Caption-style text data
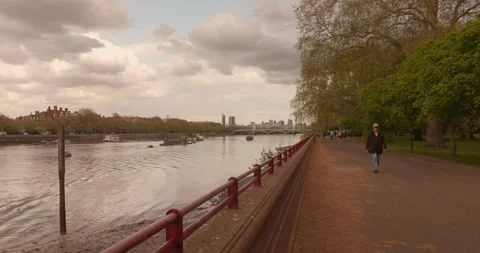 Riverside Path and Walkers by Battersea Park, London Embankment Stock Footage 337906182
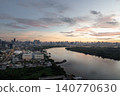 The wide, serene river acts as a mirror to the dawn, gracefully snaking its way through a vast landscape where nature meets civilization. Soft pastel hues of pink, gold, and lavender paint the clouds 140770630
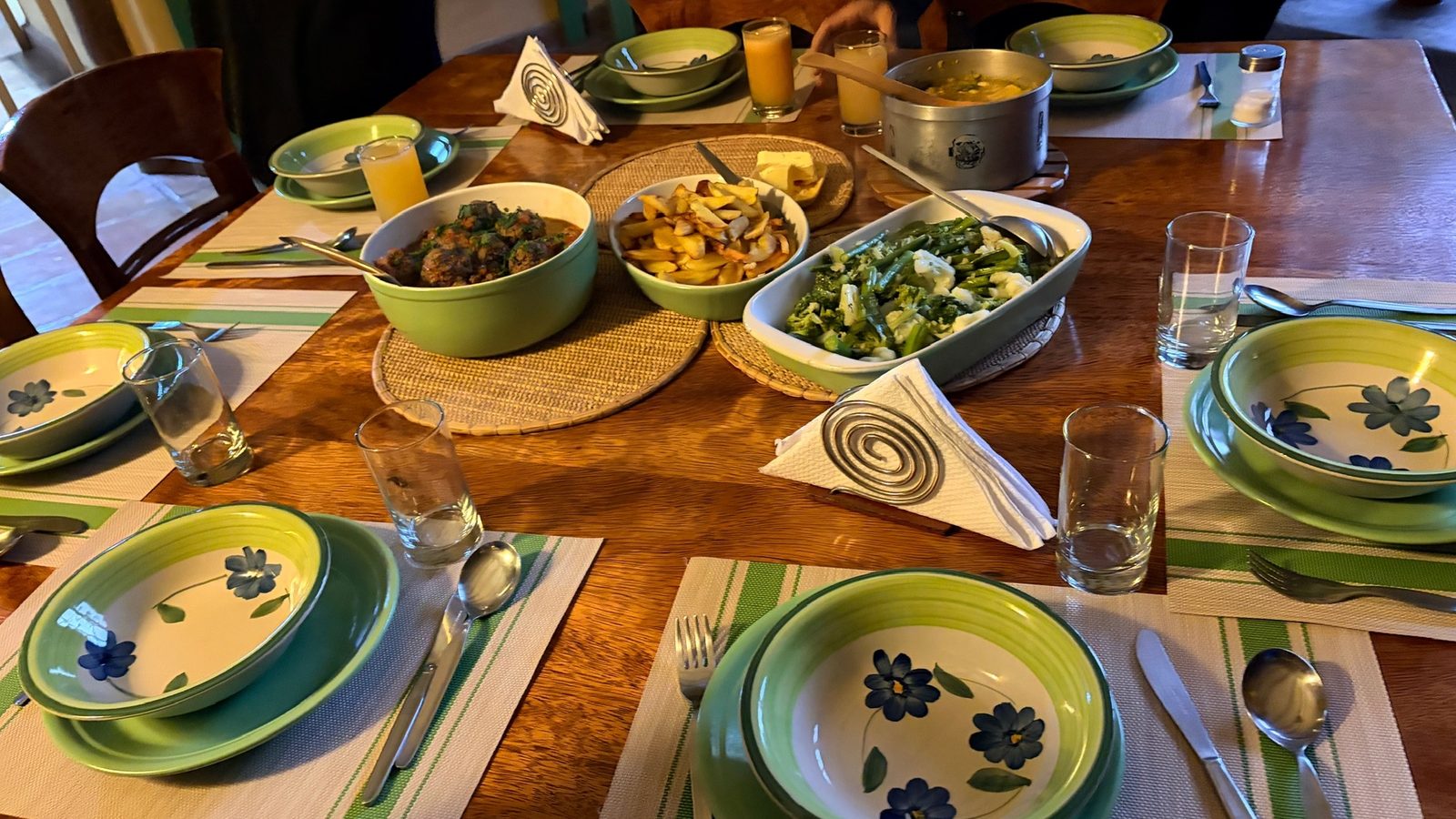 A long table laid with painted bowls of food, plates and glasses, set for a group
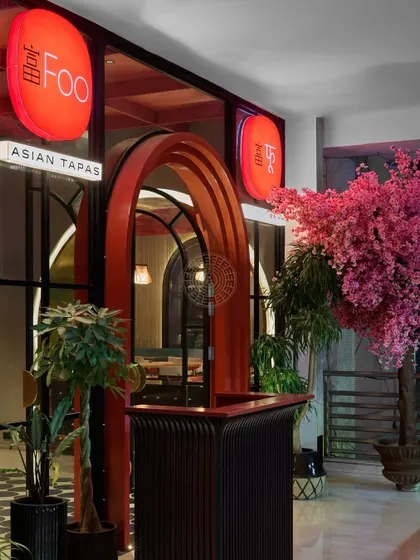 The entrance to Foo features a striking red archway and glowing lanterns, setting the stage for the modern Asian tapas experience inside.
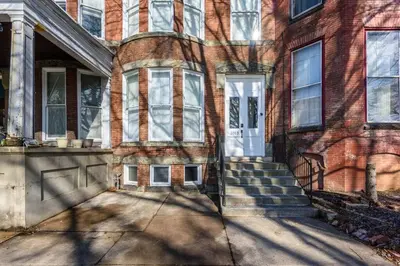 an old brick house with a white door and stairs at Flats on Front - Riverfront Gem Fast Wi-Fi 3F in Harrisburg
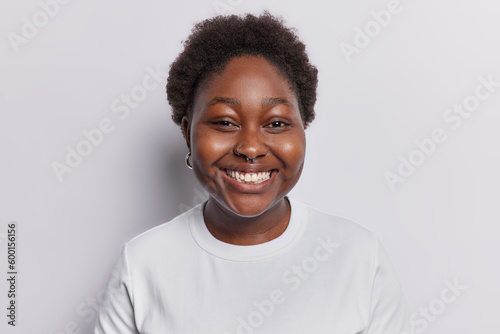 Portrait of chubby dark skinned woman smiles toothily being in good mood poses in studio for making photo wears earrings and piercing in nose isolated over white background. Happy emotions concept © Wayhome Studio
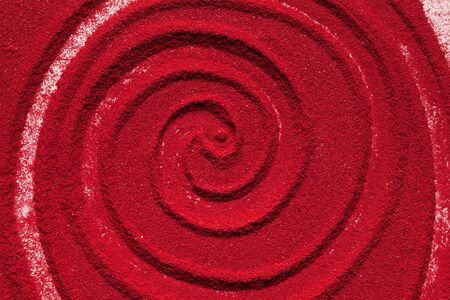 Close up spiral background texture of solid red color made of soil.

WORK REQUEST: Extract all the data above exactly, excluding every picture.

WORKED SOLUTION:
 Riverside Path and Walkers by Battersea Park, London Embankment Stock Footage 337906182
 The wide, serene river acts as a mirror to the dawn, gracefully snaking its way through a vast landscape where nature meets civilization. Soft pastel hues of pink, gold, and lavender paint the clouds 140770630
 A long table laid with painted bowls of food, plates and glasses, set for a group
 The entrance to Foo features a striking red archway and glowing lanterns, setting the stage for the modern Asian tapas experience inside.
 an old brick house with a white door and stairs at Flats on Front - Riverfront Gem Fast Wi-Fi 3F in Harrisburg
 Portrait of chubby dark skinned woman smiles toothily being in good mood poses in studio for making photo wears earrings and piercing in nose isolated over white background. Happy emotions concept © Wayhome Studio
 Close up spiral background texture of solid red color made of soil.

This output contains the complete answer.